Strategy 7: Trade or Find Free

If you can’t do without or borrow, you can often find it for free, or trade for it:

  • Send out an email or put up a Facebook post letting everyone you know that you need a wheelbarrow or shelf, and if they have one they don’t need, you’d love to have it. And you’d be willing to trade something if they need something.
  • Look on Craigslist or Freecycle. Or put a wanted ad on one of those sites.
  • Libraries have free books, CDs, DVDs.
  • There are a number of online sites that help people swap books and other stuff.

Strategy 8: Buy Used

This is a last alternative, because basically it’s buying, and it’s best to avoid it. However, if you’ve really exhausted the above options, and you absolutely can’t do without for a month, or borrow, trade or find it free, then buy used.
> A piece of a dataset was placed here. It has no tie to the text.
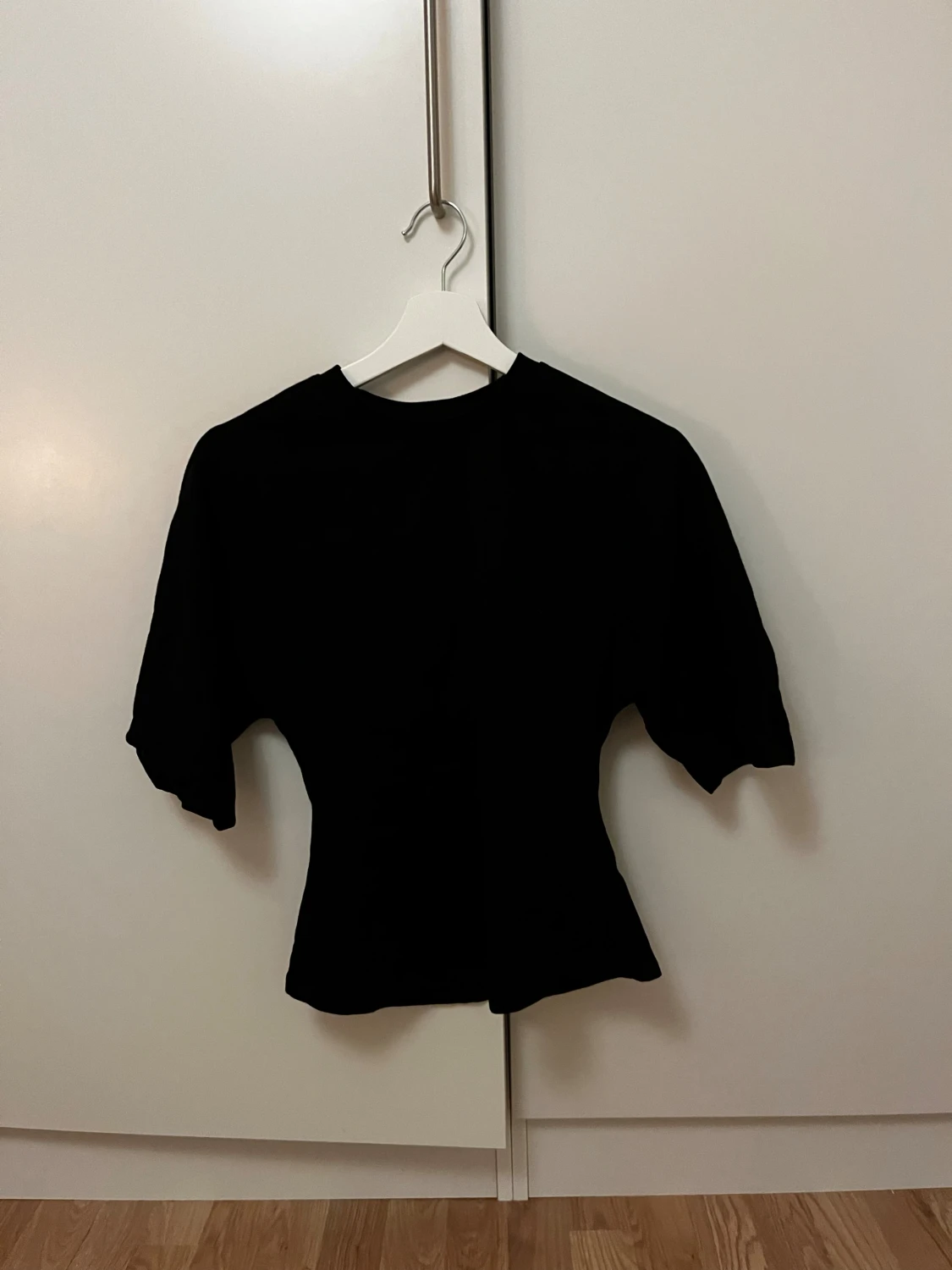 Svart topp från Lager 157, figursydd XS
Try a thrift store in your area. Or find it on Craigslist or Ebay. Or go to a flea market.

Buying used is a great alternative, because it stops something used from being discared, and extends its life, thereby wasting fewer resources. It’s also usually cheaper.

Strategy 9: Put Saved Money to Good Use

This last strategy is pretty useful in my experience. Let’s say you don’t buy anything for the holidays, and thereby save hundreds or even thousands of dollars. What then? What happens to all that cash? Put it to a good cause, and you’re more likely to stick to the challenge.
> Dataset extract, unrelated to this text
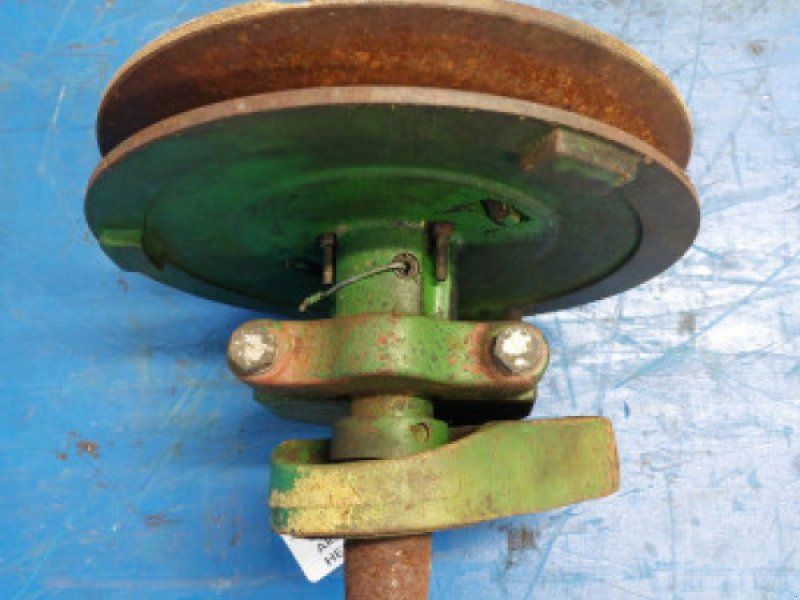 John Deere 1000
For some people, it means digging less of a hole, being less in debt. So your good cause is being debt-free! And that’s exciting, so you’re less likely to buy something if you have that good cause in mind.

For others, it might mean being more financially sound, by saving up an emergency fund. I find the emergency fund to be absolutely critical for financial stability — my life is so much freer of worry now that I’ve built up an emergency fund.

And if you have those two needs covered, consider doing something else good with the money: give it to a good charity or cause, or do something good for your family.

Having a good purpose in mind for the loads of cash you’ll save makes it easier to do without, rather than just buying whenever we feel the urge.

Conclusion: This Can Change Your Life

The Buy Nothing Until 2013 challenge can have many effects for people who are used to shopping during the holidays:

  • You’ll save money and/or get into less debt.
  • You can help a good cause with that money.
  • You’ll help stop your habit of impulse shopping.
  • You’ll get out of the consumerist mindset, and remember what truly matters.
  • You might help others shop less, and get out of the consumerist mindset, through your example.
  • You’ll have more time for doing things that matter, rather than shopping.
  • You’ll have less stress from all the holiday shopping.
  • You’ll find more contentment, because you know that you have everything you need.

It’s changed my life. I’ve realized that buying is not only unnecessary most of the time, it’s destructive. Let’s build something new, based on human connection and compassion.